The average amount of undergraduate debt these days is $37,132. That comes to $393/month for at least 10 years. The typical undergraduate takes almost 20 years to pay off their undergraduate debt. Imagine a starting salary of $55,000 before taxes. That’s $4123/month for rent, car, and health insurance, food, utilities, taxes, and loan payments. Almost 10% of your monthly salary is gone before you ever see it.
A common rule is not to take out more debt than your anticipated first year salary. So for humanities majors, you may be looking at $50K, Computer Science $75k. Figure out a typical monthly loan payment using this calculator and then decide what works for you.
So what CAN you do to avoid steep debt?
- Apply to scholarships anyway. All you have to lose is time.
- Start early! You can start applying as early as 8th grade. Most people wait until they know where they are going and have missed the majority of deadlines—fewer applicants = less competition.
- Target schools where you exceed the average stats. Schools with a 3.6 GPA and an 1100 SAT will offer presidential scholarships worth significant money to raise their averages using your higher numbers. Be a rockstar on campus and get paid for it!
- Look local. Organizations that give scholarships only to local students mean less competition. Ask your high school counselor for leads.
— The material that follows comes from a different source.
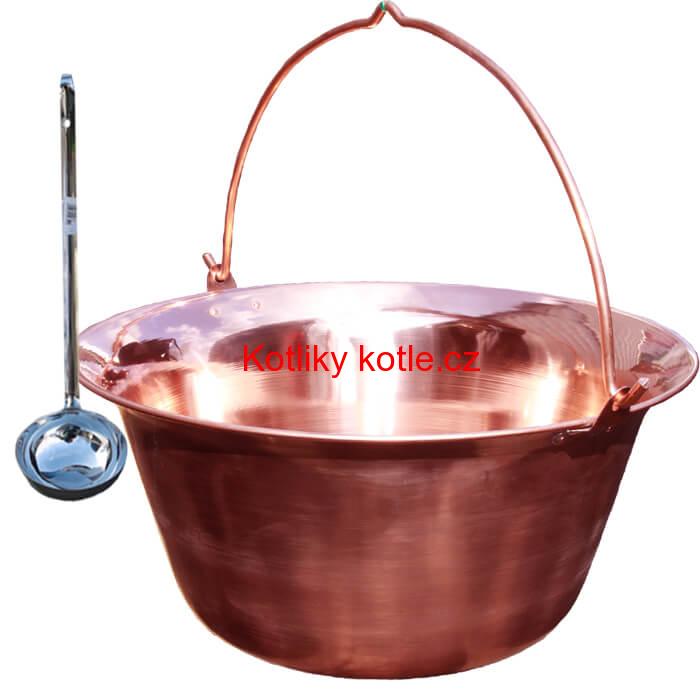 Měděný kotlík 20 L (1,2 mm) + nerezová naběračka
- Compare school data using the Common Data Set (CDS) to see typical debt at graduation and average salary ten years out. Simply search “Common Data Set [school name].”
- Stop associating name recognition with the quality of education. Stretch your comfort zone. The entire Midwest is especially ripe with opportunities. Excellent education for more significant scholarships/less debt = life-changing. Or more money for grad school?